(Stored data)
◇ ◇ ◇

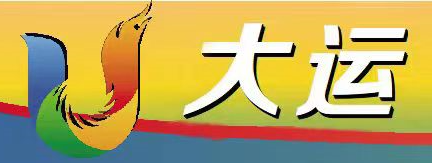 “所有的等待是值得的!”国际大体联夏季大运会主任赵晶谈成都大运会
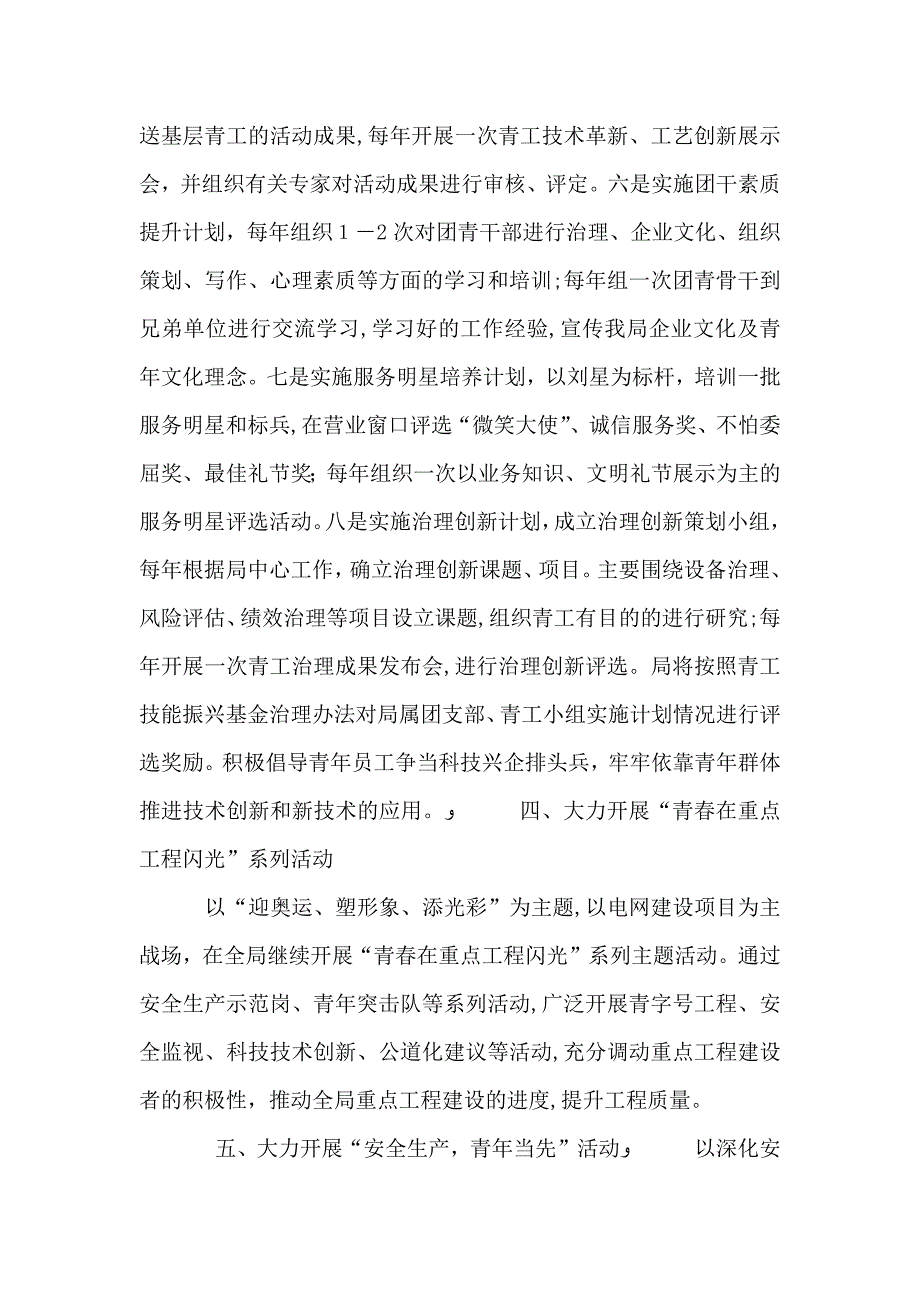 供电局团委工作计划_第4页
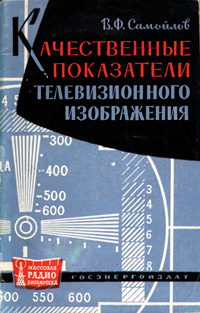 Массовая радиобиблиотека. Вып. 475. Качественные показатели телевизионного изображения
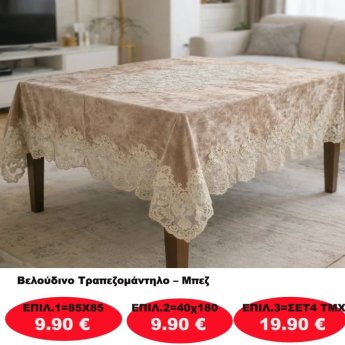 Βελούδινο Τραπεζομάντηλο σε διάφορες επιλογές από
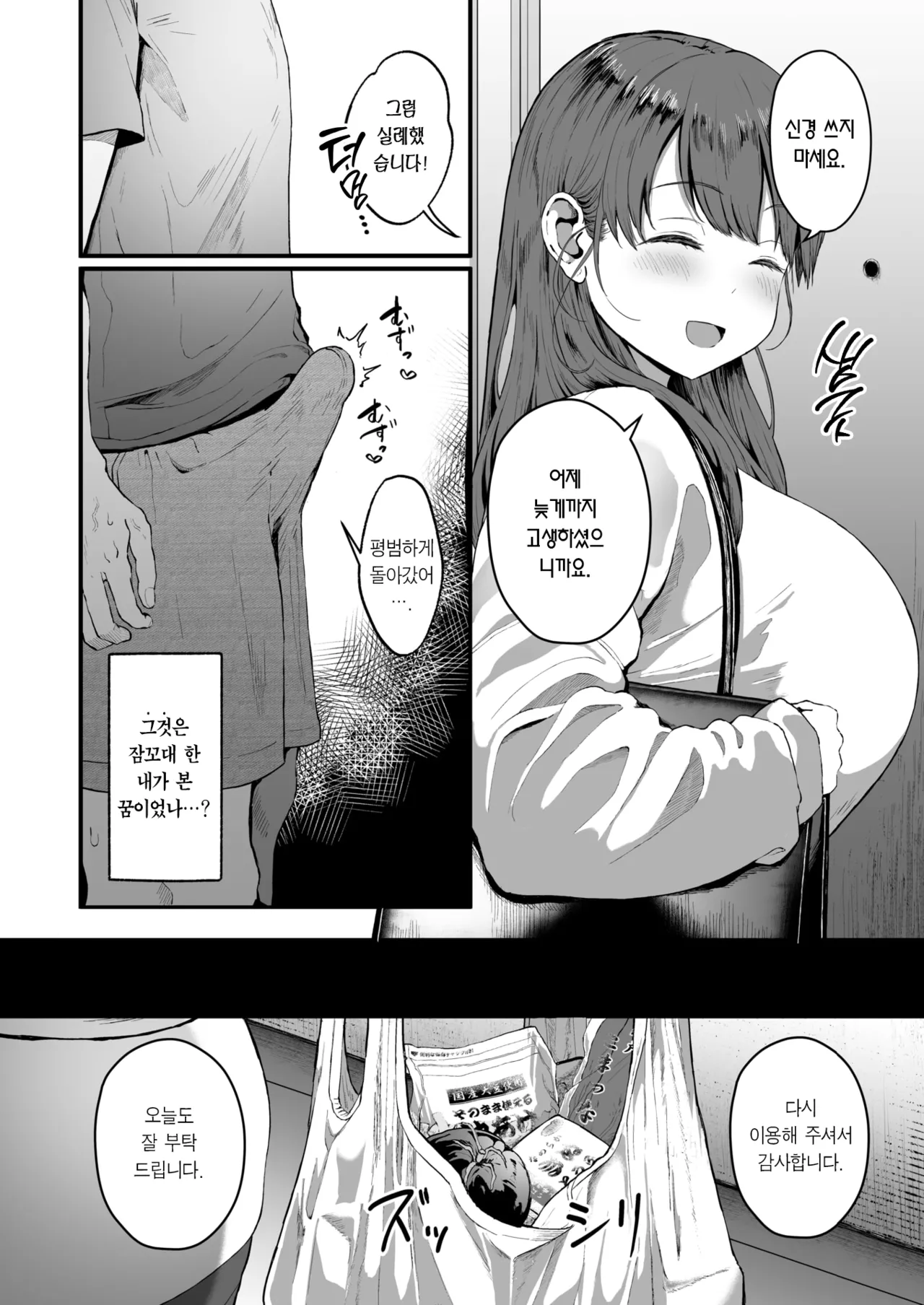 [Mizore] Kaji Daikou no Mizutani San | 가사 대행의 미즈타니 씨 (COMIC Kairakuten 2025-08) [Korean] [Team Edge] [Digital] image number 13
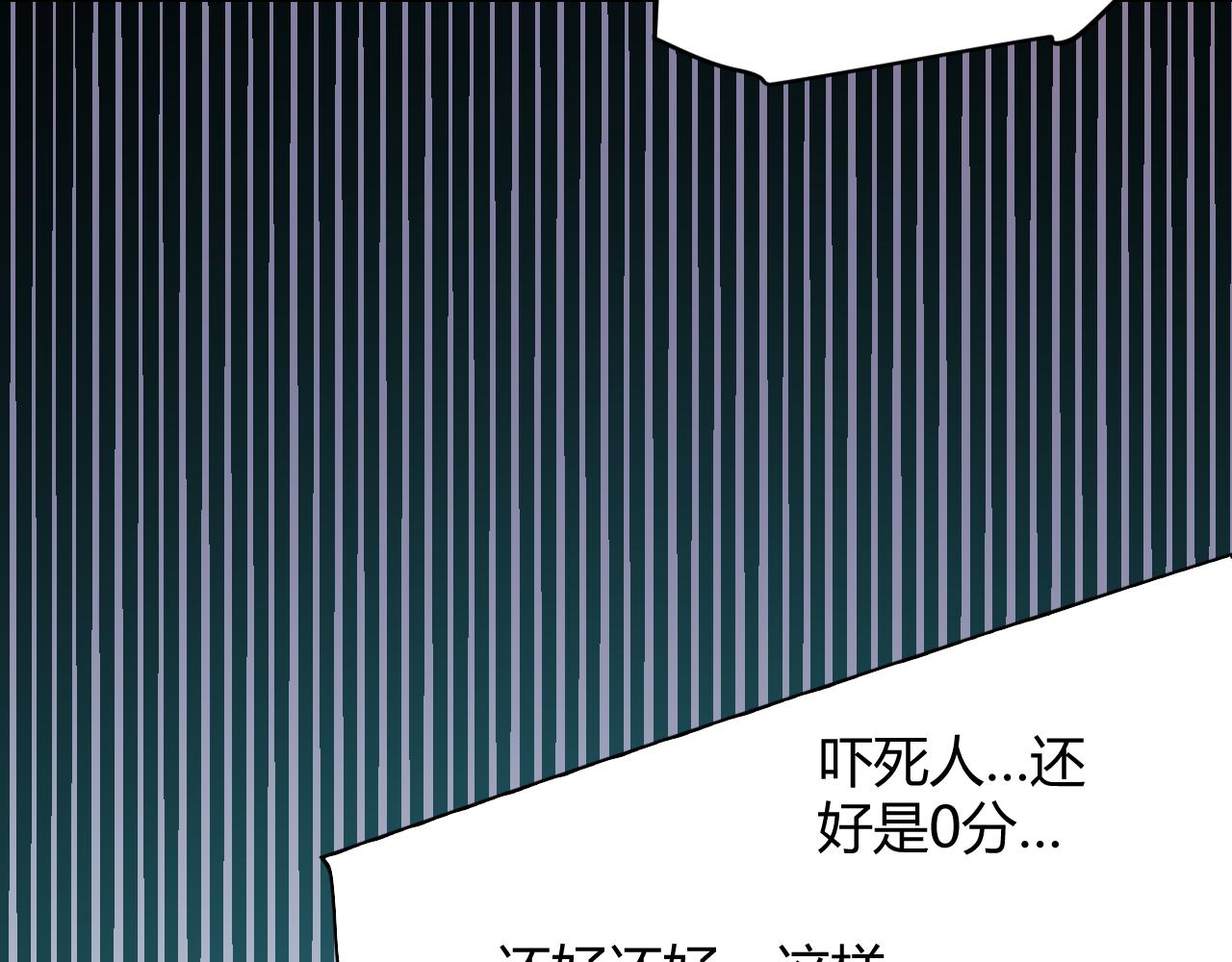 第128话 粉碎石门139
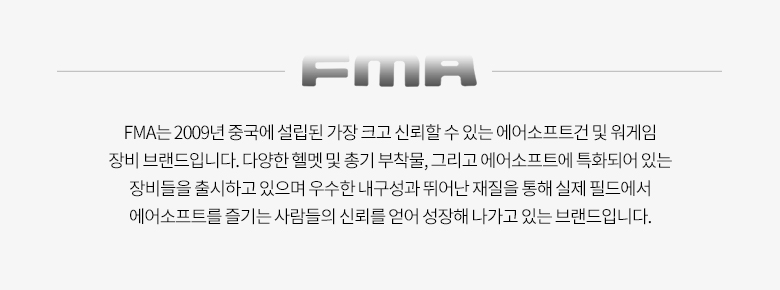 FMA 카이덱스 싱글 피스톨 매거진 캐리어 (블랙) 2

◇ ◇ ◇

◆ Task details:
Give every record again without changing a word. Exclude the pictures.

◆ Task result:
 “所有的等待是值得的!”国际大体联夏季大运会主任赵晶谈成都大运会
 供电局团委工作计划_第4页
 Массовая радиобиблиотека. Вып. 475. Качественные показатели телевизионного изображения
 Βελούδινο Τραπεζομάντηλο σε διάφορες επιλογές από
 [Mizore] Kaji Daikou no Mizutani San | 가사 대행의 미즈타니 씨 (COMIC Kairakuten 2025-08) [Korean] [Team Edge] [Digital] image number 13
 第128话 粉碎石门139
 FMA 카이덱스 싱글 피스톨 매거진 캐리어 (블랙) 2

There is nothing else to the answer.